Perhaps the Grandmother had leanings to one of the groups you are referring to.
One of the things I do remember was that the Wicca was considered as being historically in the family sort of handed down. ( I was told about the burning times etc)It was hoped my friend would take it up, but she wasn't really into it at that time.
I would have thought the grandmother and earlier would have predated gardnerian wicca although they were very secretive about members in a coven.
Gardner's Wicca began in about 1952 with the repeal of the Witchcraft Acts and their replacement by the Fraudulent Mediums Act, so by the 60s it was reasonably well-established.
There were many Wiccans who claimed historical connections to the Craft and Wicca as one of the things that Gardner claimed for Wicca, something that he picked up from Margaret A Murray, whom he met as they were both members of the Folklore Society of which Murray was President, was her theory that witchcraft had been a religious cult that had existed before the coming of Christianity and had continued to exist, uninterrupted, underground since the coming of Christianity.
The name the Burning Times was/is used to refer to the time between about 1430 and up to about 1750, the time of the witch-craze that was fuelled by the Inquisition.
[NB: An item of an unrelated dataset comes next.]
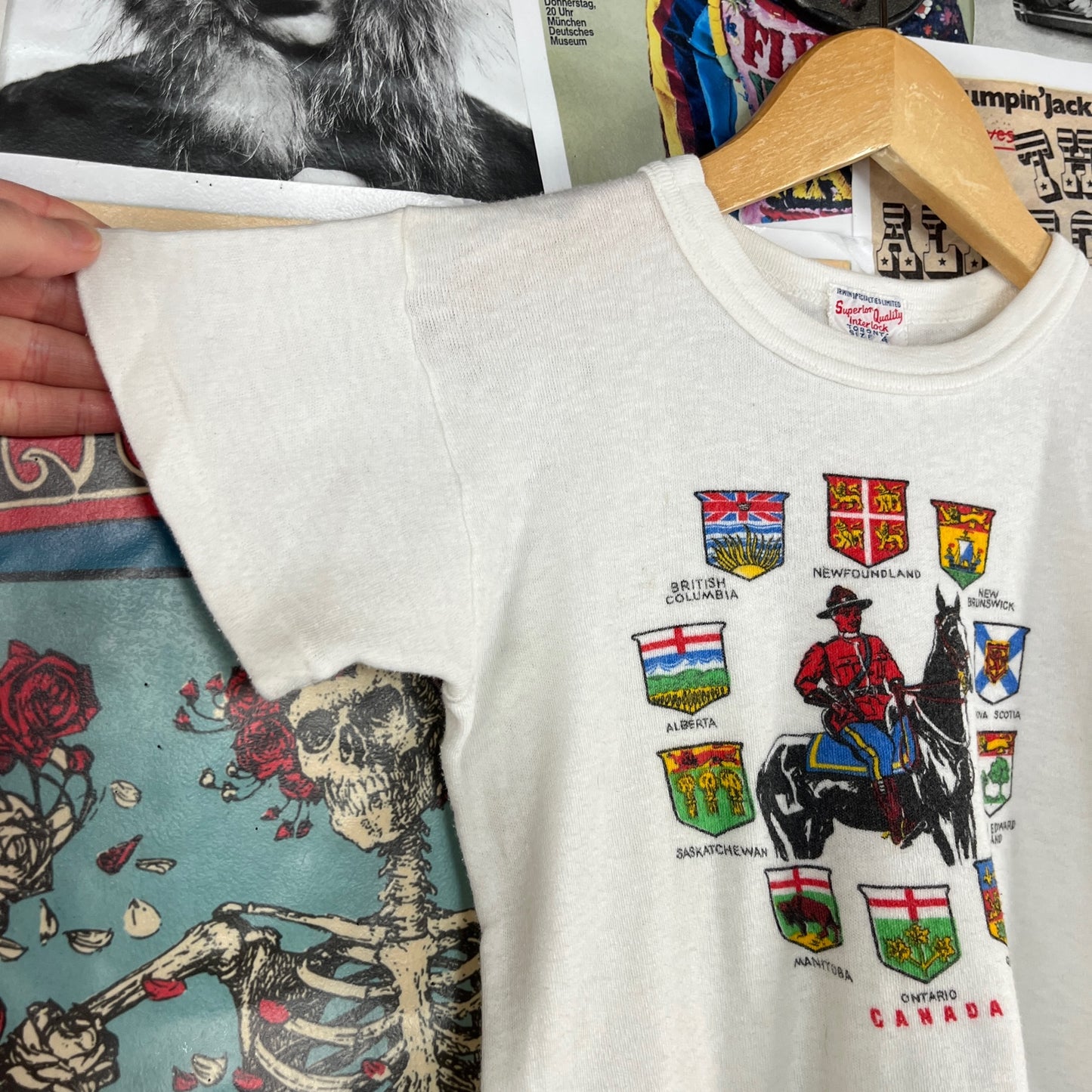 Vintage Kids 1950s-60s Jasper Park Canada Souvenir Irwin Specialties Graphic Crewneck Tee T-Shirt Size 7 Age 6-7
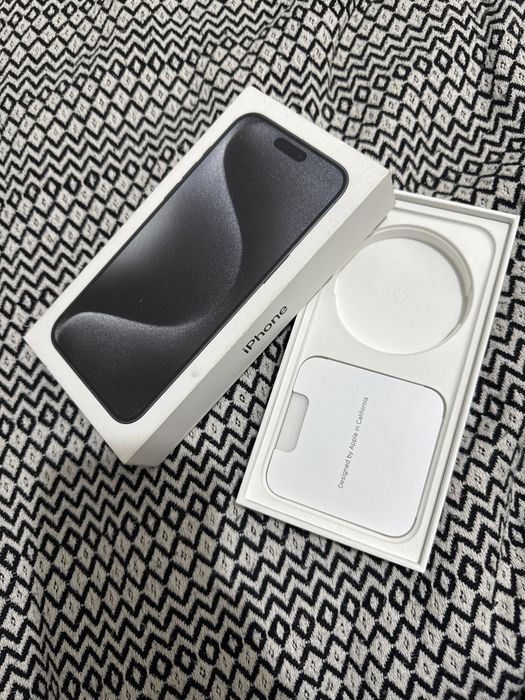 Продам iphone 15 pro max 256 gb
It was so-called because, thanks to Kramer and Spengler and the Malleus Maleficarum, witchcraft had been deemed heresy by dint of the 'fact' that witches made a pact with the Devil t the Sabbat in order to receive their magic powers, and burning at the stake was the punishment under Catholic law for heresy.
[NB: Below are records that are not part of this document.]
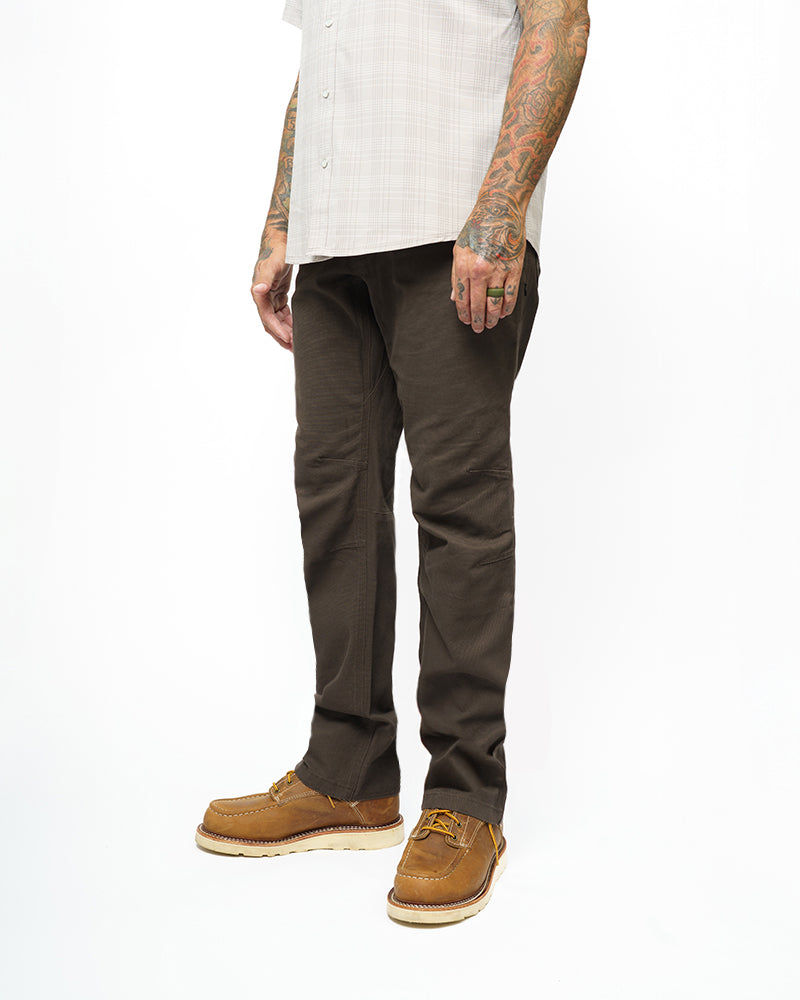 Pantalones Trailblazer Corte Entallado - MARRÓN OSCURO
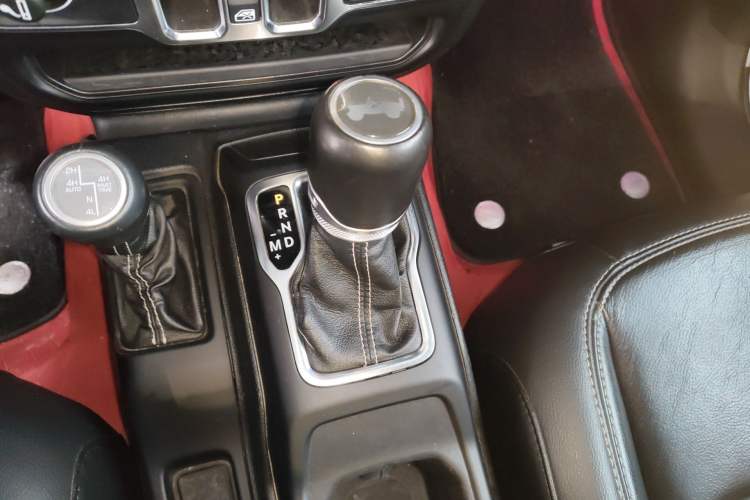 Used Jeep Wrangler 2019 2.0T Sahara Four-Door Version China VI Emission Standard Gear Lever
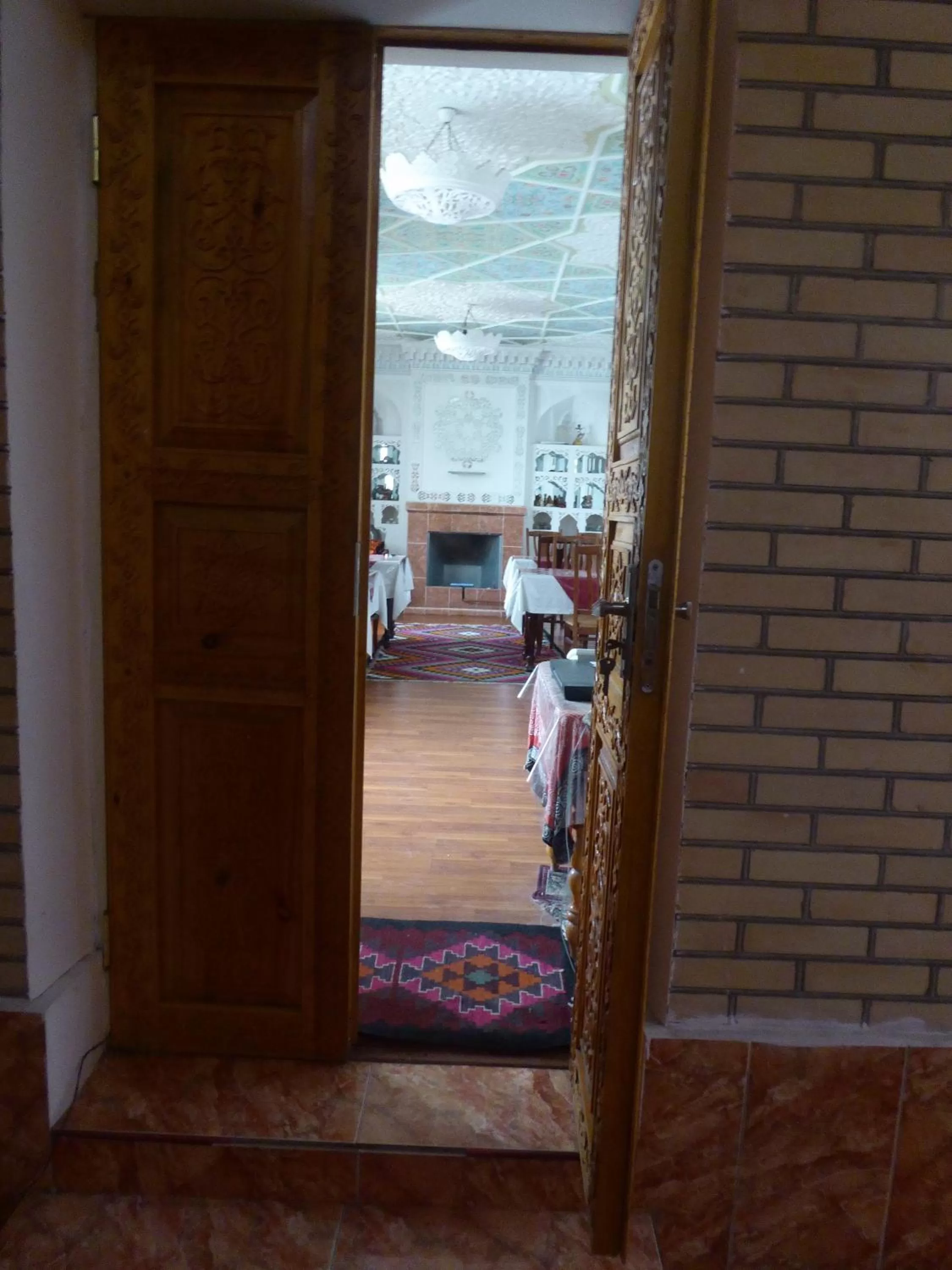 Restaurant/places to eat in Guest House Marokand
I had always assumed all covens had 13 members, so maybe they were. It was also considered bad form to reveal other members of the coven ( I Sussed a couple out, only because my friend Sussed them out, most seemed to have influential middle class jobs)
It's almost like the masons
The Coven of 13 was another of Murray's ideas about witches that Gradner picked up. In fact, there was only one mention of a Coven having 13 members in the, one of very few, voluntary confessions to be a witch by Isobel Gowdie, a Scotswoman in 1662, but Murray, who had a habit of twisting history to fit her theory that was to lead to the rejection of the Murrayite witch-cult theory during the 1970s, decided that ALL Covens of Medieval witched had 13 members.
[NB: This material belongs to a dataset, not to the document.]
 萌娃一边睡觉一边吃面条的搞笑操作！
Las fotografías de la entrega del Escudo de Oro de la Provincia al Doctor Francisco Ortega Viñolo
Members of a Coven are Oathbound to keep the identities of ALL witches, not just those of their Coven, secret unless the witch makes her being a witch public herself.
Her Dad also spoke about an odd belief ( to me) that he held that we lived in a dream and we visited the real world when we went to sleep and visited the astral plane and our dreams were distorted memories of that real world.
Not sure how that fits into Wicca, but that was his belief.
This, to my knowledge and belief, has nothing to do with Wicca, so it probably was just a personal belief.
They definitely saw themselves as wiccans as they told me it meant "craft of the wise'
Wicca and Wicce are Old English and thought variously to mean 'wise man' and 'wise woman' respectively or 'male witch' and 'female witch' respectively, and thus 'Witchcraft' is taken to mean 'the craft of the wise'.
Incidentally, today both female and male witches call themselves witch - you are only a wizard if you are Merlin or a denizen of the J K Rowling novels.